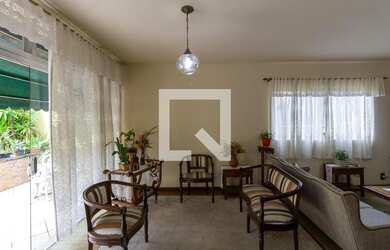 Imagem 7: Casa à Venda - Cangaíba, 4 Quartos, 450 m2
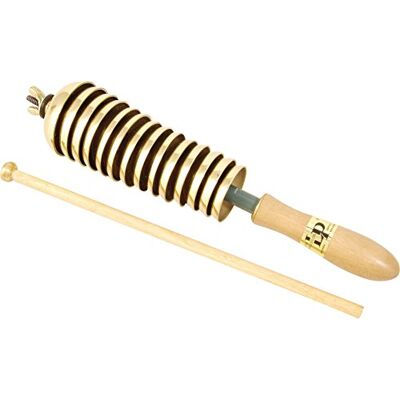 Latin Percussion LP Bell Tree Hand Held 14 Bells LP589 Latin Percussion LP Bell Tree Hand Held 14 Bells LP589
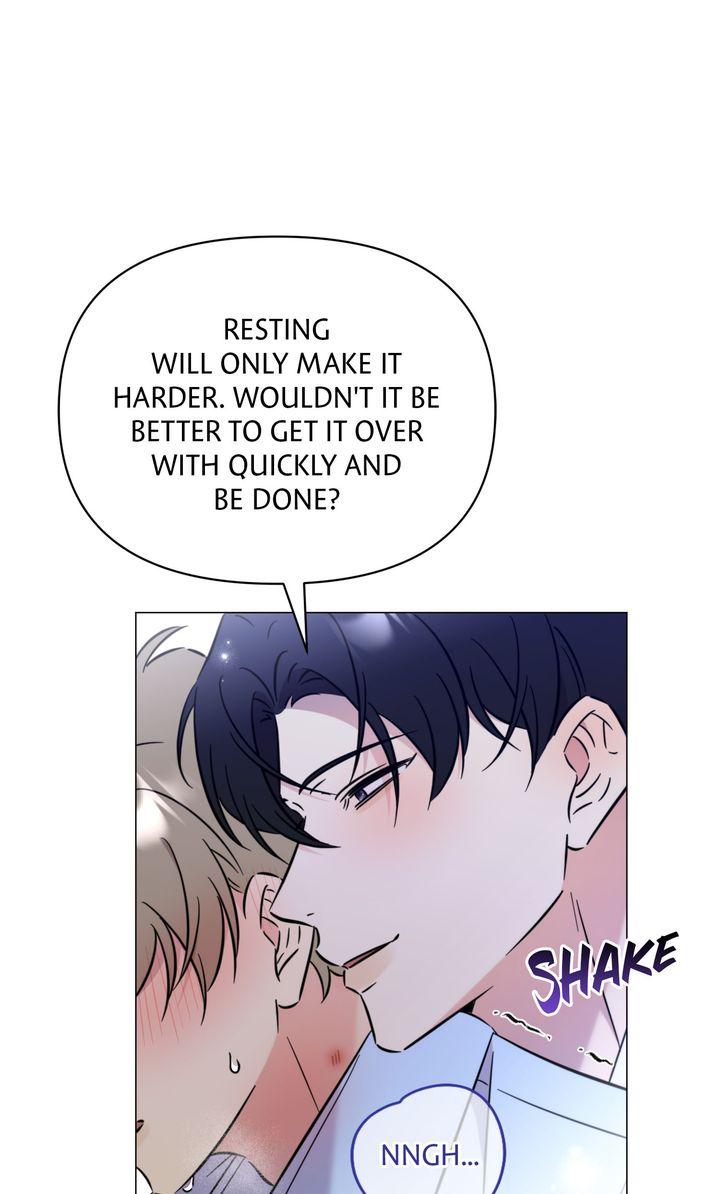 Read Mismatch Guide chapter 23.5 image 30 on Lezhin
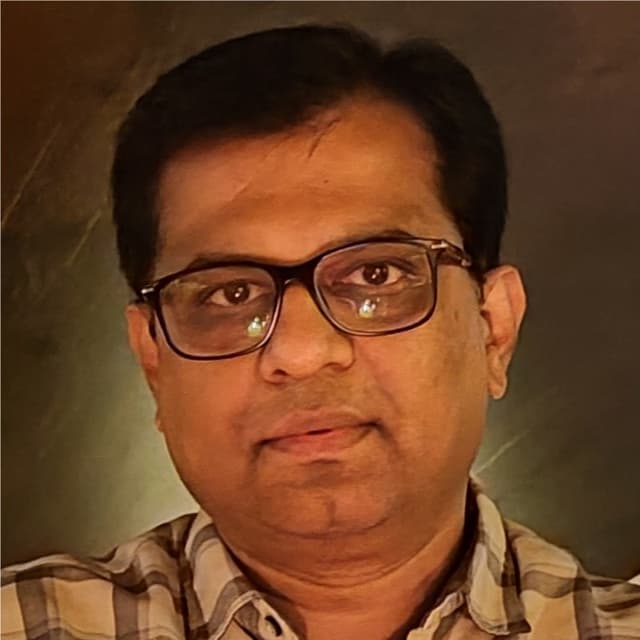 Ram Kulkarni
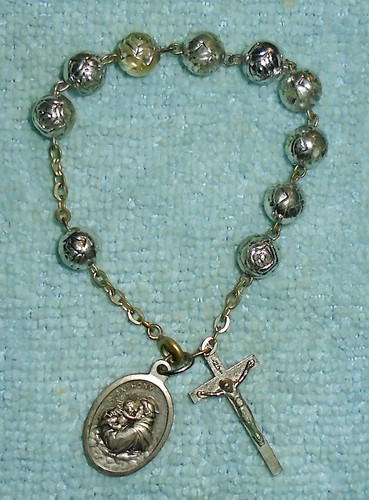 Vintage 1940s silver - 1940s,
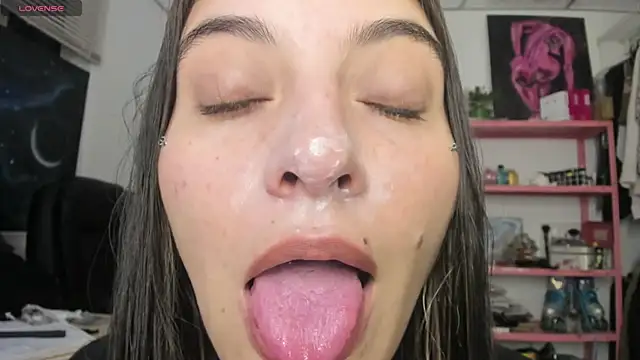 mariecam420 online show from 03-29-26, 01:18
━━━━━━━━
WHAT IS EXPECTED »
Your answer must be only the lines from the one that holds "Ram Kulkarni" to the end of the listing, each restated word for word, with both ends kept and pictures left out.

RESPONSE AREA »
 Ram Kulkarni
 Vintage 1940s silver - 1940s,
 mariecam420 online show from 03-29-26, 01:18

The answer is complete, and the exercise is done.